Once you find the line containing "2018 Buick Regal TourX Essence" in the data below, copy it and each following line exactly, up to and including the line containing "So kommt man", and nothing else.

Saved entries
########################################

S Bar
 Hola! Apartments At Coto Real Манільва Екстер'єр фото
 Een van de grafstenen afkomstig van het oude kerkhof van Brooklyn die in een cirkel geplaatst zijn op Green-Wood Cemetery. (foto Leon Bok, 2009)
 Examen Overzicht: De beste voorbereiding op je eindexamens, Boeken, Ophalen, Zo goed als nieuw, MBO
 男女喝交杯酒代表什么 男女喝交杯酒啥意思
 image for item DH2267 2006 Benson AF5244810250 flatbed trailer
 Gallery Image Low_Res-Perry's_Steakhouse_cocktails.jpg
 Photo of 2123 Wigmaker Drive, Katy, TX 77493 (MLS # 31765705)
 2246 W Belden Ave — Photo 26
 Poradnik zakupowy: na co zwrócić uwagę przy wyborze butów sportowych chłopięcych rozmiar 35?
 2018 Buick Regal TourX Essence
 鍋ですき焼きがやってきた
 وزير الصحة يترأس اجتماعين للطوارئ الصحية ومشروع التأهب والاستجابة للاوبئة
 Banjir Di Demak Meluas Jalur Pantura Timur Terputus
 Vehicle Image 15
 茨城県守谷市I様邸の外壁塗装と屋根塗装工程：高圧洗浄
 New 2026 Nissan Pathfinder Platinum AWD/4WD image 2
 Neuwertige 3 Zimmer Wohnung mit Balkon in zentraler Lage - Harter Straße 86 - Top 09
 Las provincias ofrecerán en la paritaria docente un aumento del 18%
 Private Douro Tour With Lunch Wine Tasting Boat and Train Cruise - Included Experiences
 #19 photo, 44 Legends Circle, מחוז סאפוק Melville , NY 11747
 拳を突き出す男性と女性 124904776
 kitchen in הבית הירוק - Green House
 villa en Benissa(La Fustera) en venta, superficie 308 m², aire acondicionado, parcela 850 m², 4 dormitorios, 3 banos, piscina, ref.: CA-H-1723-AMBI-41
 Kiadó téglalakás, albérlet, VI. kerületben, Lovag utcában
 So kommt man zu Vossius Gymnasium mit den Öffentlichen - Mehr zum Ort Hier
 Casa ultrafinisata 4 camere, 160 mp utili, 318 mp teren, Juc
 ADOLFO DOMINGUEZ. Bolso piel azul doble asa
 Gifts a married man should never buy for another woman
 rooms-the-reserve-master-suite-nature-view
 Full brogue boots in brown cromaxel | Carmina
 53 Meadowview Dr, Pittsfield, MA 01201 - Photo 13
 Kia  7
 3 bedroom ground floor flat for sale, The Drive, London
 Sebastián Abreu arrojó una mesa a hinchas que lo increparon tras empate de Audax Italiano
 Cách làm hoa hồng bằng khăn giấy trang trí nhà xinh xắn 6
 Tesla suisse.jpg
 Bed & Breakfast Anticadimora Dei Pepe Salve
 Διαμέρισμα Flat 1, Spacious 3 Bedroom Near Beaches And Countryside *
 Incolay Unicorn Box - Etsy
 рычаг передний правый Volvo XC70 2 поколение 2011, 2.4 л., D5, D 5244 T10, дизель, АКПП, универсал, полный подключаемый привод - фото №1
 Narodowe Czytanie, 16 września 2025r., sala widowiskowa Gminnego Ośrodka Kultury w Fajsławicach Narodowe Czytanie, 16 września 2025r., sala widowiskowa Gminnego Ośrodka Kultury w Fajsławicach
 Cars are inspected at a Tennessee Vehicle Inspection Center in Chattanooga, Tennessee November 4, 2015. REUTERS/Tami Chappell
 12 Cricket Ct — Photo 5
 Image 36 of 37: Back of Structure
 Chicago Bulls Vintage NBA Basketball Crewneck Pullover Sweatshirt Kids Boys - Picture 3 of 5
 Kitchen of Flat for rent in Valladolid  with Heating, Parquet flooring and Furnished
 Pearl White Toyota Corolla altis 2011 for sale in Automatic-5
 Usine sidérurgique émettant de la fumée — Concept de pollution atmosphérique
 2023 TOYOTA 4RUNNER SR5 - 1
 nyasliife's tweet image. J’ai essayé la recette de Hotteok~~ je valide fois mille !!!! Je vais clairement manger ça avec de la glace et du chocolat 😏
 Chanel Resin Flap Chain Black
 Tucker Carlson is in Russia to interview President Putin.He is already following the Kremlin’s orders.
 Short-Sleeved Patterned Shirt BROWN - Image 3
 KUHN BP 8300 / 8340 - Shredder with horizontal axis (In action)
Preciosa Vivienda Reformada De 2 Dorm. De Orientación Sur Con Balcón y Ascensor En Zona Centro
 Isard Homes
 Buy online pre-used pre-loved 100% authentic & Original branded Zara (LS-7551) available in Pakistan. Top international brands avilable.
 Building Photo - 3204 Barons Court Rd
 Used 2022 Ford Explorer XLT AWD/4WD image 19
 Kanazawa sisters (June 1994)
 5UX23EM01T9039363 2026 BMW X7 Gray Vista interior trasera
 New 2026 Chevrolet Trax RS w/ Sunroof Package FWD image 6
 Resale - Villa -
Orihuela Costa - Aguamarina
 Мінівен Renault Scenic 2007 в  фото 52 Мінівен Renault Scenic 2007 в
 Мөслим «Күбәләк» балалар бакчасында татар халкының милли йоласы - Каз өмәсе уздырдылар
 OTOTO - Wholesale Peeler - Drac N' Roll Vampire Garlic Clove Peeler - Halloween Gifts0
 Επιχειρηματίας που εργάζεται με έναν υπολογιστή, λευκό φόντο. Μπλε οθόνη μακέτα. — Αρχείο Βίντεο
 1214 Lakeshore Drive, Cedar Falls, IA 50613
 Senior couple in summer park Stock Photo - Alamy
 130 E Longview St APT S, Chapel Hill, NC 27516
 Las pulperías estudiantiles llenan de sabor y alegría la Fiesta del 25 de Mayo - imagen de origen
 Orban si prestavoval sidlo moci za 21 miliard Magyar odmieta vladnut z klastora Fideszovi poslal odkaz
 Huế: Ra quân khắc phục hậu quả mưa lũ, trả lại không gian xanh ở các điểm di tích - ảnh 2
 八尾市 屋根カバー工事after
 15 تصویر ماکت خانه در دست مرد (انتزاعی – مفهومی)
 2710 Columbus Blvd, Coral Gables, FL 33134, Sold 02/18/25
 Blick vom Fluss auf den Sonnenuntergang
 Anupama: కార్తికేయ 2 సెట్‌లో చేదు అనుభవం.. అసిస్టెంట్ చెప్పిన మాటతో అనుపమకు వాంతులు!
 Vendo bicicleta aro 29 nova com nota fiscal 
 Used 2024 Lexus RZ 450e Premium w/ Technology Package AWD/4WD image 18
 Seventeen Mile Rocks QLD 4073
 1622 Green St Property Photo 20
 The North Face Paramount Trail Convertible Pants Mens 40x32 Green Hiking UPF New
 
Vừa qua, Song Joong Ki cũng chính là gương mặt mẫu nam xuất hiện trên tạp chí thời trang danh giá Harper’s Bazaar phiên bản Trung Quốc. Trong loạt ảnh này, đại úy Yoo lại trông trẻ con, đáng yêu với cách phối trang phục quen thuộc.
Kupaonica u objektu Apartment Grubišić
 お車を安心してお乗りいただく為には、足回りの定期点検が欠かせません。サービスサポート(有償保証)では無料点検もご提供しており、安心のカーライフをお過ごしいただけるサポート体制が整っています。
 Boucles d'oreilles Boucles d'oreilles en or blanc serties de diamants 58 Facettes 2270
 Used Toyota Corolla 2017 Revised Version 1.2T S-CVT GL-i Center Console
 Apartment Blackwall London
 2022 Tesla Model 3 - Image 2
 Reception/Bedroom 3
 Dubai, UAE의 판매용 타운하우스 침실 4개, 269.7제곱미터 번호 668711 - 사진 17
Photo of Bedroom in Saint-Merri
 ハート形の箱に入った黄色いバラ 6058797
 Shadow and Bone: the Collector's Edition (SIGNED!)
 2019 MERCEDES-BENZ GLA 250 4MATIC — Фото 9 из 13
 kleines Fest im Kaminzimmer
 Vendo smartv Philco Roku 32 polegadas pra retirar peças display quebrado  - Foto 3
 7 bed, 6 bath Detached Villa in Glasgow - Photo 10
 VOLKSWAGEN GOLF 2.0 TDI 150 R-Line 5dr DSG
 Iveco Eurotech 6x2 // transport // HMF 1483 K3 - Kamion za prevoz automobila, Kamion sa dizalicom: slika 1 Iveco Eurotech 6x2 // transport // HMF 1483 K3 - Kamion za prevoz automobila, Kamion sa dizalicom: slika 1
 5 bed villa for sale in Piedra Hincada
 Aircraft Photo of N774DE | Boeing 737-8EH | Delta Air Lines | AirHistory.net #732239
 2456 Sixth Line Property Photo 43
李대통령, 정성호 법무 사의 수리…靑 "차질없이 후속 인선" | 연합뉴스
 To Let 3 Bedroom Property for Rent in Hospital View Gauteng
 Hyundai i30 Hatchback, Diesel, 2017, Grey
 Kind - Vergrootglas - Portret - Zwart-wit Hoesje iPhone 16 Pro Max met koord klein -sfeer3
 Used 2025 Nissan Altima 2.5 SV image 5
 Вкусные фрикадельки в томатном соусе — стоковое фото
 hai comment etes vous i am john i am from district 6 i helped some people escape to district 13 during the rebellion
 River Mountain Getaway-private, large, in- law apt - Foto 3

########################################

#### [Solution to the problem]
 2018 Buick Regal TourX Essence
 鍋ですき焼きがやってきた
 وزير الصحة يترأس اجتماعين للطوارئ الصحية ومشروع التأهب والاستجابة للاوبئة
 Banjir Di Demak Meluas Jalur Pantura Timur Terputus
 Vehicle Image 15
 茨城県守谷市I様邸の外壁塗装と屋根塗装工程：高圧洗浄
 New 2026 Nissan Pathfinder Platinum AWD/4WD image 2
 Neuwertige 3 Zimmer Wohnung mit Balkon in zentraler Lage - Harter Straße 86 - Top 09
 Las provincias ofrecerán en la paritaria docente un aumento del 18%
 Private Douro Tour With Lunch Wine Tasting Boat and Train Cruise - Included Experiences
 #19 photo, 44 Legends Circle, מחוז סאפוק Melville , NY 11747
 拳を突き出す男性と女性 124904776
 kitchen in הבית הירוק - Green House
 villa en Benissa(La Fustera) en venta, superficie 308 m², aire acondicionado, parcela 850 m², 4 dormitorios, 3 banos, piscina, ref.: CA-H-1723-AMBI-41
 Kiadó téglalakás, albérlet, VI. kerületben, Lovag utcában
 So kommt man zu Vossius Gymnasium mit den Öffentlichen - Mehr zum Ort Hier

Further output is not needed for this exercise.